Once again, I want to point out the title of the book: "Principles, Techniques and Tools".
I think there are two kinds of compilers books available today: "Principles and Theory centered" ones and "Modern Compilers design and implementation" ones.
One might wonder what's the difference between the two.
The former kind is more suited for a course on theoretical aspects that lay the foundation of compiler construction. DFAs, NFAs and Regular expression along with relations and equivalence between the them; FSAs minimizations; grammars and Push-down FSAs in details, ambiguities and and how to cope with them; and so on.
This is what I mean for "theoretical aspects". And these topics are covered in great details in this book. Almost the same details they (the authors) placed on writing a more specific book as "Introduction to Automata Theory ...".
Same situation applies to principles on more application- oriented topics. Take the example of LR parsing. You can face the topic from a more theoretical side, dealing with details on bottom up parsing (still, it implies an in-depth knowledge of grammars theory), handles and (viable) prefixes, SLR or canonical LR or LALR parsers and techniques for the relative tables construction by hands (and for this, add a detailed and solid knowledge of Push-down FSAs along with grammars). By hands, at least, if principles are what matter in your course.
If you expect to find these topics (with this depth) in a book of the other kind, you might get mislead. As I did when I still had not clear this distinction, before I took the course.
The latter kind of books is more suited for a more pragmatic course. One where real, "modern" compilers are at hands, and probably written as homeworks. In this case, time being always limited in a university course, one (the instructor) will likely have to give up with those theoretical aspects (or just mention them) and focus on coding techniques and modern compiler studying.
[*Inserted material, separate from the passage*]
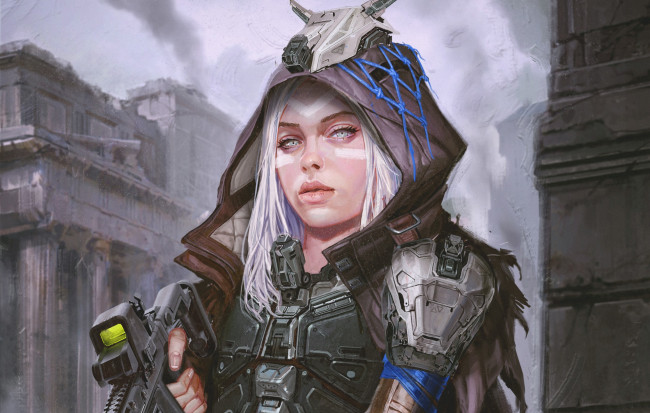 Обои картинки фото фэнтези, роботы,  киборги,  механизмы, девушка, взгляд, sci-fi, капюшон, арт, фантастика, оружие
But ... perhaps, for these purposes books like Grune's "Modern Compiler Design", or Pittman's "Art of Compiler Design, The: Theory and Practice" or, at some degrees, Muchnick's "Advanced Compiler Design and Implementation" will be more suited.
Back to the LR parsing example, more pragmatic compilers design courses will (for time constraints) just have a glance on principles and spend a considerable time learning YACC. To do both things you would have to take a course on YACC alone (it requires time to exploit all of its advanced features, you can be sure of this).
All this said, once again: which is the best book ? The one that best fits your needs. And in fact, my needs were those of my course, which was completely centered on theoretical aspects. And for this course, the Dragon book (as it is better known since its cover) proved to be perfect, definitely no matter it was published on 1986: FSAs and grammars and their theory is (for all practical purposes) still the same since even before then.